Sample size limitations, and the genetic architecture of TOF, also likely influenced the gene-based analysis findings. Nonetheless, two genes passed a stringent Bonferroni correction, FLT4 (implicated by truncating variants) and NOTCH1 (implicated by missense variants), consistent with previous findings reported in two (5,8) and one (8) independent exome sequencing studies, respectively. Notably, results of the current study indicated higher yields of ultra-rare variants in these genes, perhaps related to differences in design and methods, including sequencing (WGS) expected to have more uniform and complete coverage of coding regions, and perhaps the use of an adult sample that would enrich for variants associated with survival. Future meta-analyses using this and other data-sets, or studies using genetically relevant subsets of patients to reduce heterogeneity, could reveal additional candidate genes with rare variants for TOF. In particular, several gene-set clusters did not pass the multiple test correction yet appeared highly promising, and could achieve significance in an expanded cohort.

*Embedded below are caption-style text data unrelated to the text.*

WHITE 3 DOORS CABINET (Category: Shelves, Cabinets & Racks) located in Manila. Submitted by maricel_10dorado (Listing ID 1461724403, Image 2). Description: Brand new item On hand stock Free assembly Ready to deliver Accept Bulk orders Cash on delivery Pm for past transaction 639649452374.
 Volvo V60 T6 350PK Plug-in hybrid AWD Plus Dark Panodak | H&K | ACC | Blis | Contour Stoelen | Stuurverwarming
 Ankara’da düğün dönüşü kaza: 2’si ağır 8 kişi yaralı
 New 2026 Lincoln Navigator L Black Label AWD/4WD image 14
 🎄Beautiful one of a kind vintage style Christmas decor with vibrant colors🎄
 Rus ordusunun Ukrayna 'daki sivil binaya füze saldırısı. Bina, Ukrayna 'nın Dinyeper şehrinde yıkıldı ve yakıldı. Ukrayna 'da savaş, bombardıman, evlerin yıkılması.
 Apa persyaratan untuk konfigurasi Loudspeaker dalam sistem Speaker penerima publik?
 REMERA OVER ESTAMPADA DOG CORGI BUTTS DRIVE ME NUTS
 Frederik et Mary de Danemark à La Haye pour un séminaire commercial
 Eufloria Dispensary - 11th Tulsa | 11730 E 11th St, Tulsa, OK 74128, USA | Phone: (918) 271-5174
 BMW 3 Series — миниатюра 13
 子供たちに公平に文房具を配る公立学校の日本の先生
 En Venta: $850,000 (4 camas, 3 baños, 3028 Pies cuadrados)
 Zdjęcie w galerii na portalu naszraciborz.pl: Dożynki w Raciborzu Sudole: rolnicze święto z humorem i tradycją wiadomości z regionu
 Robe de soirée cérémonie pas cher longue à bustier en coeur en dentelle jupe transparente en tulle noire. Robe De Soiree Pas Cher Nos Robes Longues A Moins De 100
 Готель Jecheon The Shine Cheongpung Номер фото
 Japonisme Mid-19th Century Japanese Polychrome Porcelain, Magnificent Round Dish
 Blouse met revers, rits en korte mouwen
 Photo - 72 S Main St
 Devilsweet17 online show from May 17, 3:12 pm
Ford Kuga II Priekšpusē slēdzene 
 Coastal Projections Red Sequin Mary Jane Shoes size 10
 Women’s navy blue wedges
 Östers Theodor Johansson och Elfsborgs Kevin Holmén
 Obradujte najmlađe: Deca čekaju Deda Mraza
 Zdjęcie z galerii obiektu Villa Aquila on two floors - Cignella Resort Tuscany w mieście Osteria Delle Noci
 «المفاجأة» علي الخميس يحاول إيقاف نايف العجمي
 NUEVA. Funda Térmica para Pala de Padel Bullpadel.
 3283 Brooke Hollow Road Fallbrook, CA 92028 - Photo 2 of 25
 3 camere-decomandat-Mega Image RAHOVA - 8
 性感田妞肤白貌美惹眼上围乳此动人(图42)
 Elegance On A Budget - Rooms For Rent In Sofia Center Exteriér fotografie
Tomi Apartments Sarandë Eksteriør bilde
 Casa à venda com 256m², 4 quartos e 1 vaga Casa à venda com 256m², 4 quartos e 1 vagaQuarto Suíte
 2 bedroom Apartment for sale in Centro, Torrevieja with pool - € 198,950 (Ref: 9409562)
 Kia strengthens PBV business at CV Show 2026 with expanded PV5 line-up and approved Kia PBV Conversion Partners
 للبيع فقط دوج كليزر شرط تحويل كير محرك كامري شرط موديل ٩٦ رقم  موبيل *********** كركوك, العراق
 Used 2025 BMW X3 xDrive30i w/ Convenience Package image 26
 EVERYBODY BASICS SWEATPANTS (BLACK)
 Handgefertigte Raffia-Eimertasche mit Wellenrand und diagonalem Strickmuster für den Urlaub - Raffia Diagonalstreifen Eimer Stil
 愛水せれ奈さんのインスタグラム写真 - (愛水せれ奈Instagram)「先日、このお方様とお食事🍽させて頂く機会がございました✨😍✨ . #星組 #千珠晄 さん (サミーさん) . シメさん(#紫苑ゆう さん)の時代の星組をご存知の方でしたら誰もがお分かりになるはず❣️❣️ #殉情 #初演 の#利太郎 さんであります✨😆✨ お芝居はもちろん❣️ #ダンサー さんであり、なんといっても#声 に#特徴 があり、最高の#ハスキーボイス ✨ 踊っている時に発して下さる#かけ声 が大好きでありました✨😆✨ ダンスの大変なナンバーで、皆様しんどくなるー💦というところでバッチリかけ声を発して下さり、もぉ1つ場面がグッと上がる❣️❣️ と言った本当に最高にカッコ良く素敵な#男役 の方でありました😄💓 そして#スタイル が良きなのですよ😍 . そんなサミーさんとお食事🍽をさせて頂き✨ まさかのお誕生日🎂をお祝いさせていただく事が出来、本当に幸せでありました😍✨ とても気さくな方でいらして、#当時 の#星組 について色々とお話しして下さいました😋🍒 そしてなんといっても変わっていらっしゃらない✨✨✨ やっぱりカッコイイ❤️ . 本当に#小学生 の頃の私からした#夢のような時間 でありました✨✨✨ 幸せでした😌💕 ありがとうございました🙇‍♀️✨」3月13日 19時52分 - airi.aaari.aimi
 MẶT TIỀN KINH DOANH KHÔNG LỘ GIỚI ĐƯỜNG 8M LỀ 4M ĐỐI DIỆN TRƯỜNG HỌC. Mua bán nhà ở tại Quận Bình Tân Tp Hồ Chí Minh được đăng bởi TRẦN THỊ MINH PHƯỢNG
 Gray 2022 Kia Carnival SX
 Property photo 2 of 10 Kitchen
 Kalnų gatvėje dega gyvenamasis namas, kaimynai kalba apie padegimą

Non-coding variants and structural variants, which can be detected using whole genome data (47), were not studied. For rare non-coding variants, access to large samples of whole genome data may offer interesting opportunities, especially if analyzing better understood functional elements like promoters. The lack of a published mutation probability model for promoters could be circumvented by performing only the gnomAD comparison analysis. For structural variants, although reliably detectable using WGS (in contrast to exome sequencing), lack of a de novo mutation model, and greater variability in variant calling pipelines, would prevent a direct gnomAD comparison and represent major barriers at present.

Conclusions

The gene burden analysis method used, including a stringent Bonferroni correction, confirmed that genes FLT4 with ultra-rare truncating variants, and NOTCH1 with ultra-rare deleterious missense variants, are implicated in the etiology of TOF. The significant enrichment of NOTCH1 missense variants in the extracellular domain, and specifically altering cysteine residues forming disulfide bonds, was also confirmed. Despite the small sample size, gene-set analysis identified ultra-rare truncating variants in novel candidate genes, including ZFAND5 and WNT5A, as potentially implicated in the etiology of TOF. Other novel genes identified provide further confidence in the importance of the VEGF pathway to TOF. While several of these candidate genes are compelling, with supportive data from known functions and animal model phenotype, additional experimental work and/or replication in other data-sets are required to appreciate their potential role in the etiology and pathogenesis of TOF.

Materials and Methods

Study participants and genome sequencing

This study was authorized by the Research Ethics Boards at the University Health Network (REB 98-E156) (http://www.uhn.ca), and Centre for Addiction and Mental Health (REB 154/2002) (http://www.camh.ca). Written consent was obtained from all participants or their legal guardians.

We performed genome sequencing on 231 probands (175 TOF, 49 transpositions of the great arteries, 7 other CHD). DNA was sequenced on the Illumina HiSeq X system (https://www.illumina.com/systems/sequencing-platforms/hiseq-x.html) at The Centre for Applied Genomics (TCAG) (http://www.tcag.ca). Libraries were amplified by PCR prior to sequencing. Libraries were assessed using Bioanalyzer DNA High Sensitivity chips and quantified by quantitative PCR using Kapa Library Quantification Illumina/ABI Prism Kit protocol (KAPA Biosystems). Validated libraries were pooled in equimolar quantities and paired-end sequenced on an Illumina HiSeq X platform following Illumina’s recommended protocol to generate paired-end reads of 150 bases in length.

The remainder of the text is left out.